From NBC's Ali Weinberg
How do you get to the White House?

For DC-area dance students today, the answer is practice, practice, practice.

As part of a White House series aimed at stressing the importance of arts education, 20 high school-age dancers from the Duke Ellington School of the Arts and the Joy of Motion Dance Center performed the closing number from the musical "Hairspray," in front of an audience including First Lady Michelle Obama, as well as the parents and teachers of the performers.

Later tonight, the group will perform in the East Room along with Broadway stars and new talent in a tribute to the Great White Way, as part of the "In Performance at the White House" series.

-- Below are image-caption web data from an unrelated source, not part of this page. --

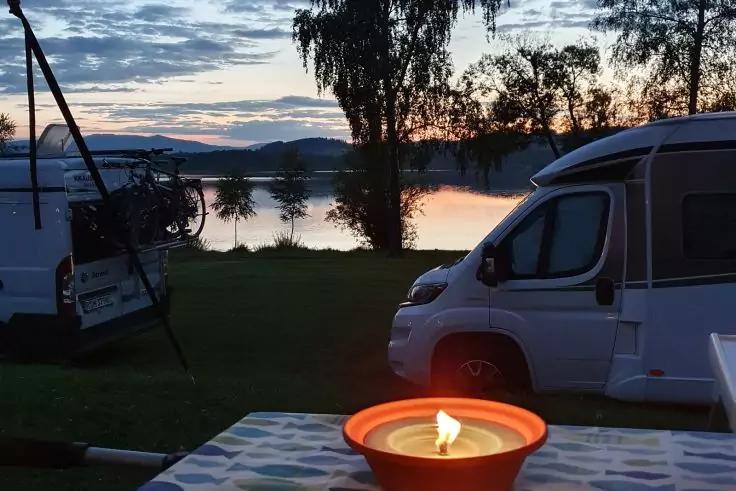 Brennende Kerze in einer Schale auf einem Tischtuch im Vordergrund; im Hintergrund zwei Wohnmobile am Ufer eines Sees, B&auml;ume, H&uuml;gel, wolkiger Himmel mit r&ouml;tlich-blauen Farbt&ouml;nen und Spiegelung im Wasser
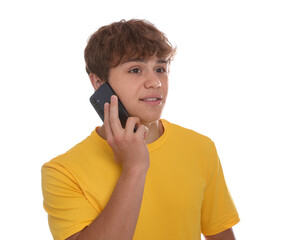 Smiling teenage boy talking by smartphone on white background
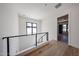 Upstairs hallway with modern railing and wood floors at 1538 W Wagon Wheel Dr, Phoenix, AZ 85021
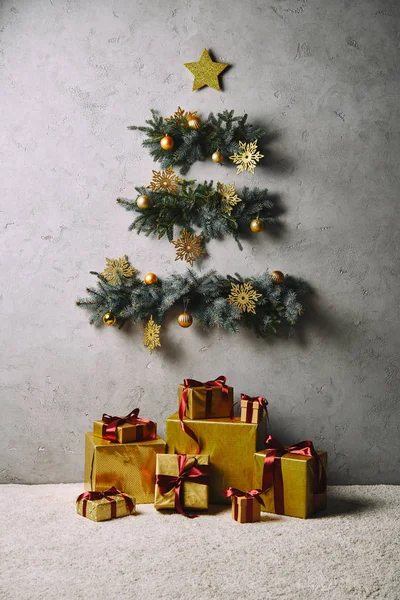 Handgefertigter Weihnachtsbaum und Stern hängen an grauer Wand, Geschenkboxen am Boden im Zimmer — Stockfoto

The students had spent the morning rehearsing the song, "Can't Stop The Beat," with famed choreographer Jerry Mitchell, one of the few in his craft to have three Broadway musicals running simultaneously (in fact, he's held this distinction twice, according to information provided by the White House).

Before the East Room event officially got under way, Mitchell led the dancers through the routine one last time, pausing over a particularly challenging few steps.

"Now do it again and smile," Mitchell said.

After the First Lady entered the room, the dancers took it from the top, hands and legs flying as purple lights bounced off of the hairspray coating each dancer's heads.

When the number reached its triumphant end, Mitchell praised the students but reserved some constructive criticism, telling the students to take it "from the Tracey dance" (named for the musical's lead character, Tracey Turnblad), at which point he gave more directions, some more technical than others.

During a sequence in which the dancers mimicked some iconic "Proud Mary" moves, Mitchell simply shouted, "And, Tina! Turner! Tina! Turner!" in time with the music.

The First Lady took to the stage after the performance ended, shaking her head and saying, "I'm tired!" much to the amusement of the audience.

"I'm just very excited. This is exactly what we envisioned happening when we started this music series," she said, adding that the event "showcases young talent mixed with some of the best talent this country has to offer."

Mitchell proudly told the First Lady that he hadn't gone easy on the students - they had learned the exact same routine that the show's Broadway dancers perform each night.

After shaking each student's hand, Mrs. Obama said that President Obama would be attending the event this evening, and told the dancers not to be intimidated.

"He's harmless. Just keep moving!" she said.